[Brief descriptive captions]
== Segment start ==
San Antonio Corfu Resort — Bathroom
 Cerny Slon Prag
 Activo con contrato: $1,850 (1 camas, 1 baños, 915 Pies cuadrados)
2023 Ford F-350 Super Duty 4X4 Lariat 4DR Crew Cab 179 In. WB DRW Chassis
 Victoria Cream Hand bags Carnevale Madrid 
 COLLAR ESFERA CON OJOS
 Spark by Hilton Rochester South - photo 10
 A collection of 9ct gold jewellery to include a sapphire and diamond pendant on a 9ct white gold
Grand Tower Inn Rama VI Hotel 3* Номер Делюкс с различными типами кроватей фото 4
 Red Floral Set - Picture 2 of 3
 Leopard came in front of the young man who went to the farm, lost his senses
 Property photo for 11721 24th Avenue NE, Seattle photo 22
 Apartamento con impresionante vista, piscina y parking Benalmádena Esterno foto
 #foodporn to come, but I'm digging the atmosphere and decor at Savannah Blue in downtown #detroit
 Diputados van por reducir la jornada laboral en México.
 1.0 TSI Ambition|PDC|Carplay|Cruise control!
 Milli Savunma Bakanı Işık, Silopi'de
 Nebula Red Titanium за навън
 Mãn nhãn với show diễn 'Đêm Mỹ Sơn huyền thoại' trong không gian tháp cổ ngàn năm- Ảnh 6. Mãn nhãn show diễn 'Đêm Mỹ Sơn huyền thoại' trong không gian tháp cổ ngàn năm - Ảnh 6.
== Segment end ==
**Exercise objective**
Look back at the entries above and repeat, unchanged, every line from the line holding "Cerny Slon Prag" through the line holding "Nebula Red Titanium за навън".

**Reply**
 Cerny Slon Prag
 Activo con contrato: $1,850 (1 camas, 1 baños, 915 Pies cuadrados)
2023 Ford F-350 Super Duty 4X4 Lariat 4DR Crew Cab 179 In. WB DRW Chassis
 Victoria Cream Hand bags Carnevale Madrid 
 COLLAR ESFERA CON OJOS
 Spark by Hilton Rochester South - photo 10
 A collection of 9ct gold jewellery to include a sapphire and diamond pendant on a 9ct white gold
Grand Tower Inn Rama VI Hotel 3* Номер Делюкс с различными типами кроватей фото 4
 Red Floral Set - Picture 2 of 3
 Leopard came in front of the young man who went to the farm, lost his senses
 Property photo for 11721 24th Avenue NE, Seattle photo 22
 Apartamento con impresionante vista, piscina y parking Benalmádena Esterno foto
 #foodporn to come, but I'm digging the atmosphere and decor at Savannah Blue in downtown #detroit
 Diputados van por reducir la jornada laboral en México.
 1.0 TSI Ambition|PDC|Carplay|Cruise control!
 Milli Savunma Bakanı Işık, Silopi'de
 Nebula Red Titanium за навън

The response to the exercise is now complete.